An exact copy of the data is required, with no pictures in it.

*Input data*.
——

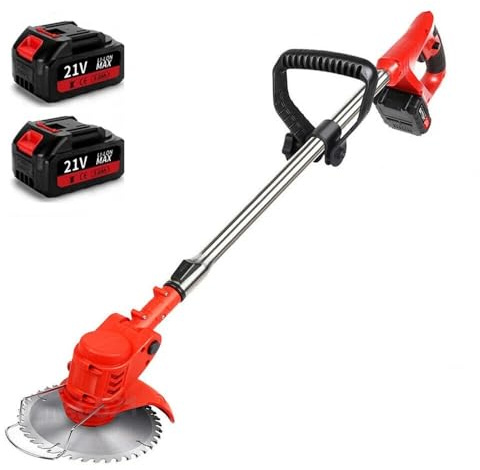 Huzoomtoyz Tagliaerba a batteria, 2 batterie da 21 V e 2 tipi di coltelli, decespugliatore elettrico a batteria, tagliabordi da giardino, asta telescopica allungabile, da giardino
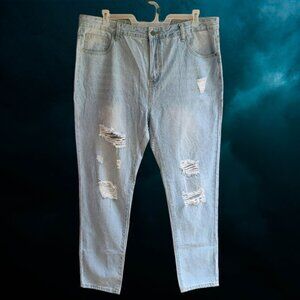 Mens Distressed Jeans Slim Fit High Rise Light Blue Size 40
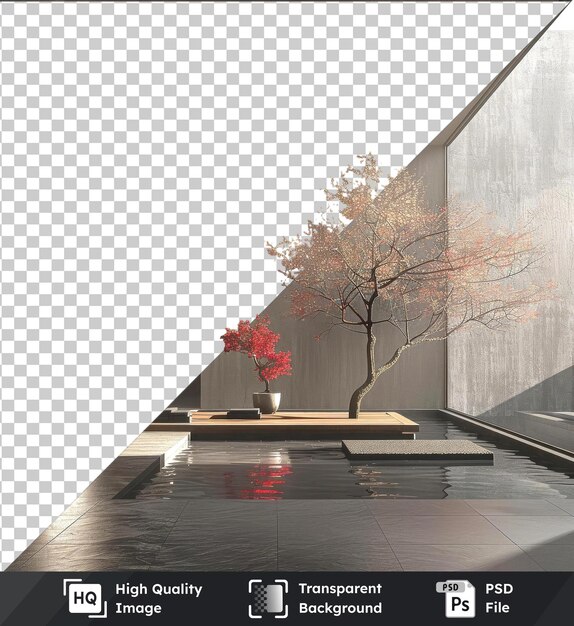 PSD psd with transparent a red flower in a silver vase on tiled floor in front of gray wall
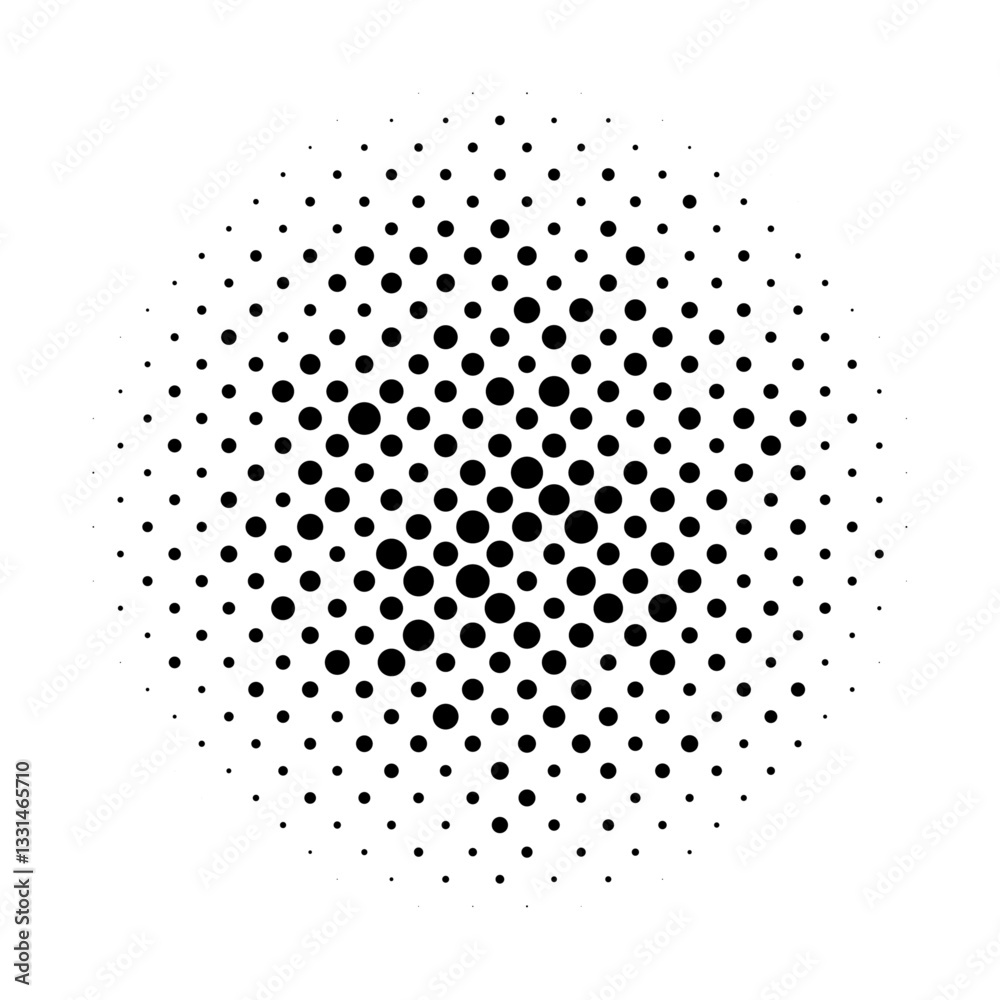 Poster Halftone circles dot pattern.  Comics pop art style dots texture vector design element isolated on transparent background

——

*Response area*.
 Huzoomtoyz Tagliaerba a batteria, 2 batterie da 21 V e 2 tipi di coltelli, decespugliatore elettrico a batteria, tagliabordi da giardino, asta telescopica allungabile, da giardino
 Mens Distressed Jeans Slim Fit High Rise Light Blue Size 40
 PSD psd with transparent a red flower in a silver vase on tiled floor in front of gray wall
 Poster Halftone circles dot pattern.  Comics pop art style dots texture vector design element isolated on transparent background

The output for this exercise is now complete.